Ovvio che, sul governo di tutto questo, si sia innescata una battaglia di potere. Che si interseca con quella per la guida di Confindustria Genova, sezione da sempre allineatissima con la gestione Montezemolo. I mandati dei due presidenti uscenti, Giovanni Novi all’Autorità Portuale e Marco Bisagno fra gli industriali, scadono quasi contemporaneamente, nelle prossime settimane, e i nomi dei loro successori sono ancora un rebus. La prima notizia è che, nonostante entrambi fossero al primo mandato, la loro conferma è tutt’altro che scontata. Anzi, nel caso del numero uno di Palazzo San Giorgio, sede dell’Autorità Portuale, è impossibile, per scelta dello stesso diretto interessato. Novi, signore d’altri tempi e broker fra i più quotati nel mondo dello shipping genovese, venne scelto quattro anni fa praticamente da tutti gli operatori portuali della città, al grido: «Uno di noi al potere». Poi, il feeling si è spezzato, a partire dalle differenti valutazioni sul waterfront di Renzo Piano, e ora il presidente è avversato da molti operatori.
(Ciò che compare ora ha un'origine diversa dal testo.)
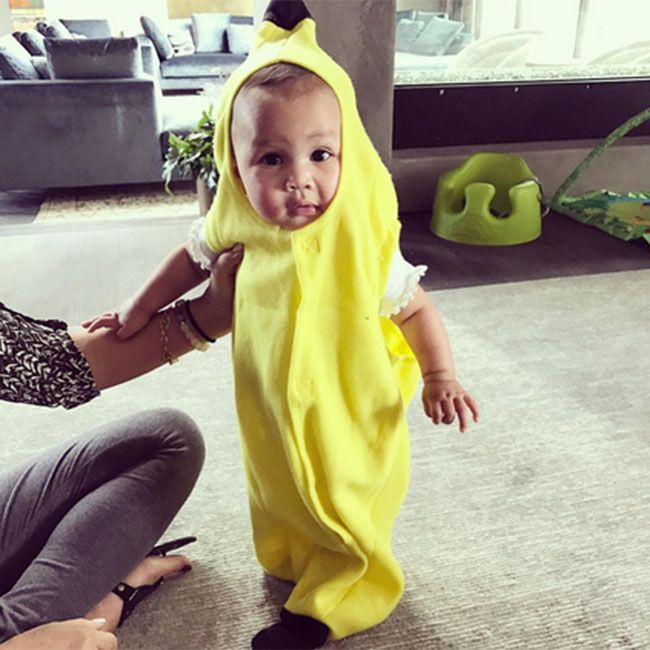 Chrissy Teigen Dresses Baby Luna Up For Hello - Diy Baby Banana Costume 12 Months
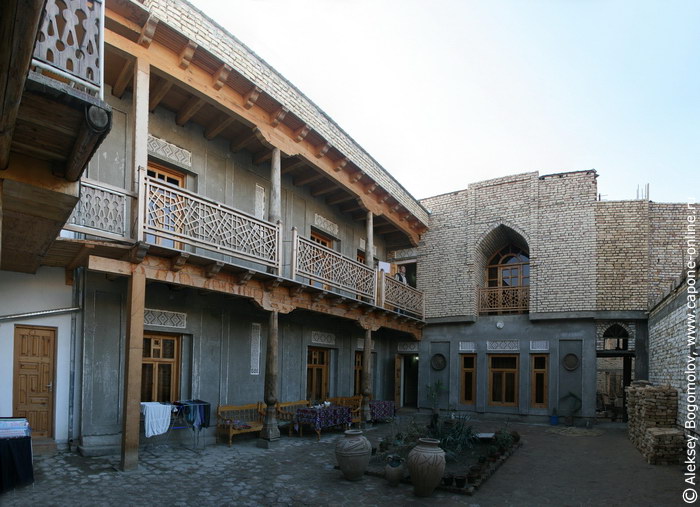 Номера и внутренний двор отеля Рустам и Зухра в городе Бухара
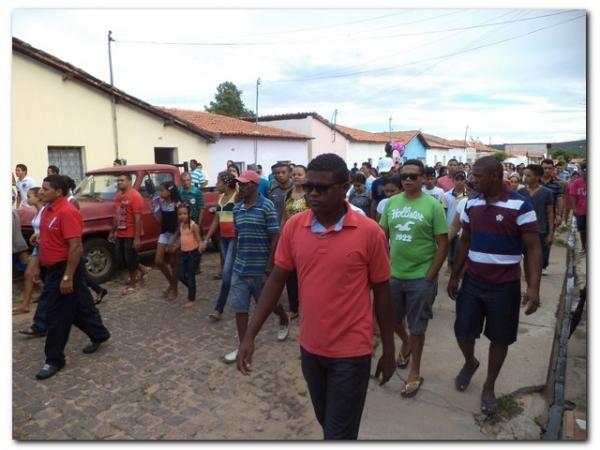 Festejo de São José em Inhuma reúne milhares de fiéis - Imagem 9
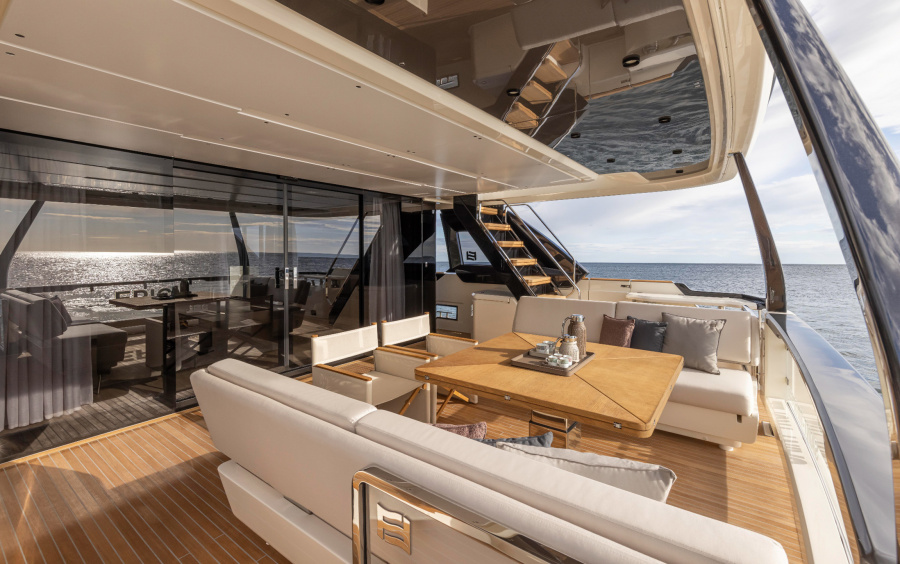 Ferretti Yachts 1000 фото 2.45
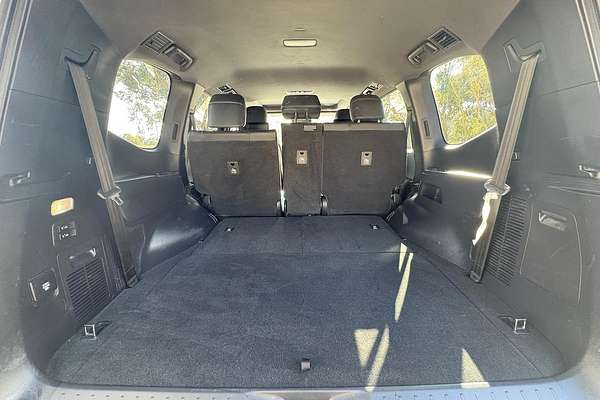 2022 Toyota Landcruiser Sahara FJA300R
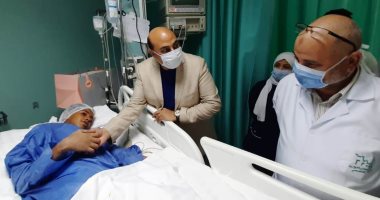 محافظ أسوان لأسرة طفل العجانة : حق محمد لن يضيع وتحسن ملحوظ فى حالته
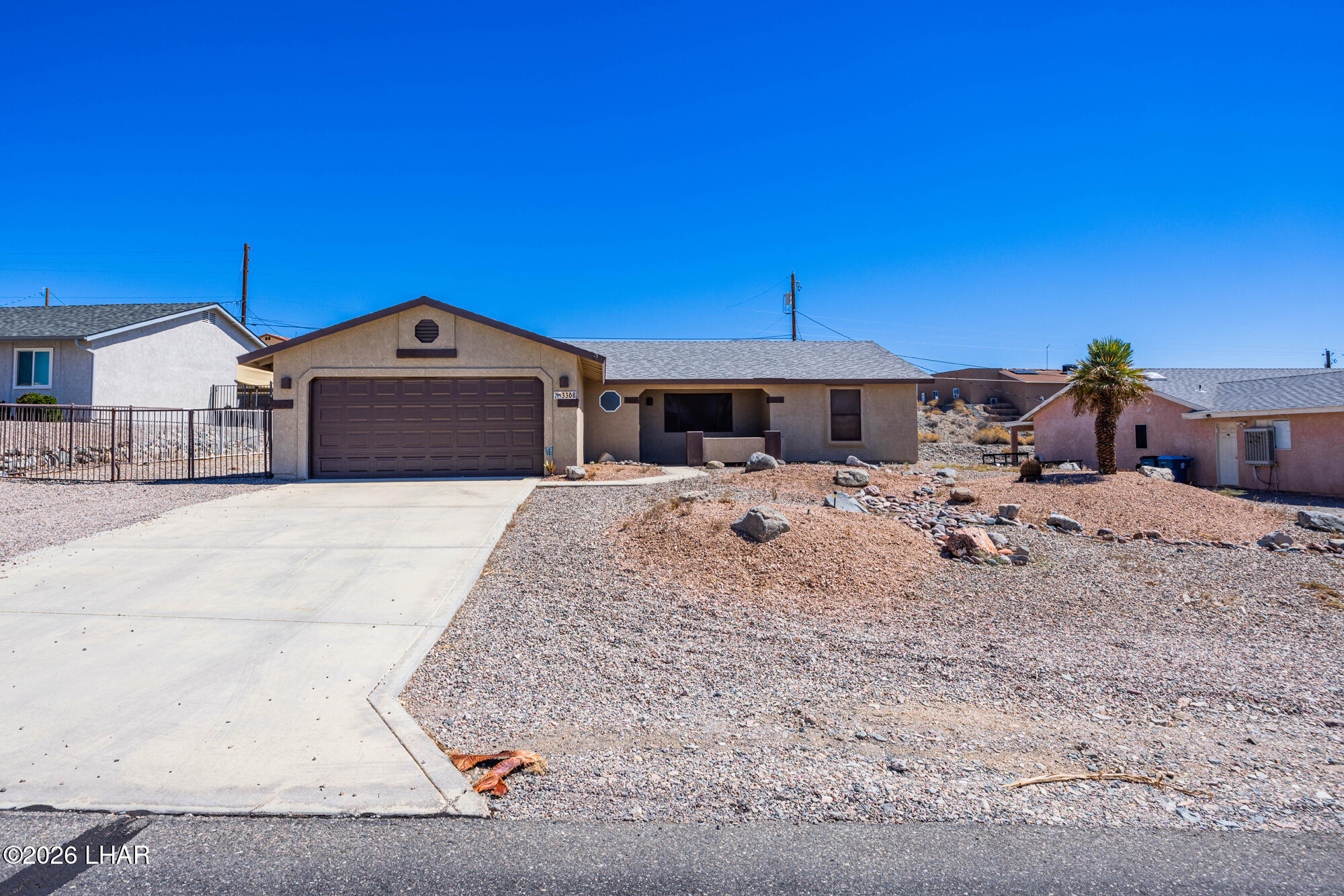 3368 Sheik Dr — photo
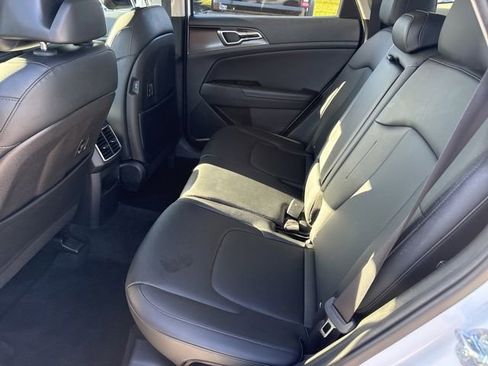 Used 2023 Kia Sportage EX AWD/4WD image 16
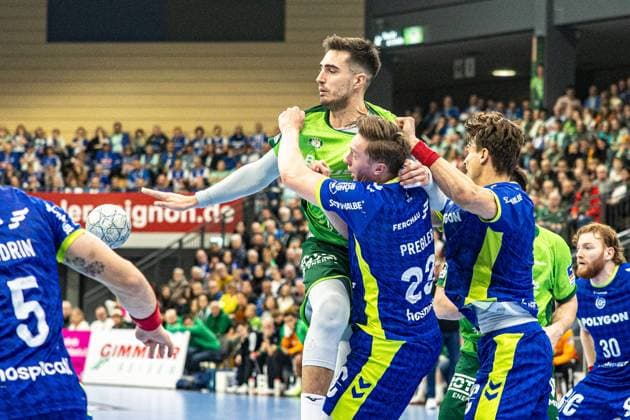 Josip Simic HSG Wetzlar, 10 m vs Kentin Mahe VfL Gummersbach, 22 , Julian Koester VfL Gummersbach, 07 GER, HSG Wetzlar vs VfL Gummersbach, Handball, 1 Bundesliga Men, Matchday 12, Season 2025 2026, 17 11 2025 GER, HSG Wetzlar vs VfL Gummersbach, Handball, 1 Bundesliga Men, Matchday 12, Season 2025 2026, 17 11 2025 Wetzlar Copyright: xEibner-Pressefoto GerhardxWingenx EP_GWR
Oggi, tutto è in alto mare. La Camera di commercio guidata da Paolo Odone - che può contare sull’appoggio pesante del presidente della Carige, Giovanni Berneschi, che ha stretto un patto di ferro con il nuovo presidente della Fondazione Carige Flavio Repetto, re del cioccolato e patron del gruppo Elah-Dufour-Novi - aveva puntato sul nome di Fabrizio Palenzona. Ma non abbastanza, visto che l’ha inserito addirittura in una terna, di fatto bruciandolo e incassando il no del diretto interessato. I terminalisti penserebbero all’assessore regionale ai Trasporti Luigi Merlo, enfant prodige della Margherita stimatissimo dal presidente della Regione Claudio Burlando. Confitarma pensa anche a un altro uomo vicino a Burlando, l’ex segretario regionale diessino Mario Margini, attualmente assessore comunale. Ma Marta Vincenzi, sindaco e diessina pure lei, però rivale storica di Burlando, ha tirato fuori un altro nome molto forte: Paolo Costa, veneziano, ex ministro dei Lavori Pubblici, intimo di Prodi, che potrebbe vincere il braccio di ferro. A patto che si scelga un segretario generale gradito agli operatori. E magari genovese.
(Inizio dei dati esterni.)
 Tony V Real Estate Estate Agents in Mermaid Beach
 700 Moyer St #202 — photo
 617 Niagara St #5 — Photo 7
La contesa è sanguinosa. Mai però come quella per la guida degli industriali. Che ha visto da un lato Marco Bisagno, uscente e patron dei Cantieri Mariotti; dall’altro Vittorio Malacalza, imprenditore siderurgico (e non solo) che ha appena venduto le sue aziende dell’acciaio a un colosso ucraino, in un settore sempre più globalizzato. Malacalza è sostenuto fortemente da Riccardo Garrone, sino ad ora padre-padrone di Confindustria Genova; Bisagno ha con sé il mondo del porto e la banca di Berneschi.

Le aziende di area pubblica, Finmeccanica di Pier Francesco Guarguaglini e Fincantieri di Giuseppe Bono, hanno appoggiato Remo Pertica, uomo Finmeccanica, pronti però a convergere su Malacalza. Le due cordate se le sono date dialetticamente di santa ragione e, per uscirne, si è dovuti arrivare addirittura al cambio dello statuto. Non è detto che basti.
Se fosse un romanzo, sarebbe decadentismo.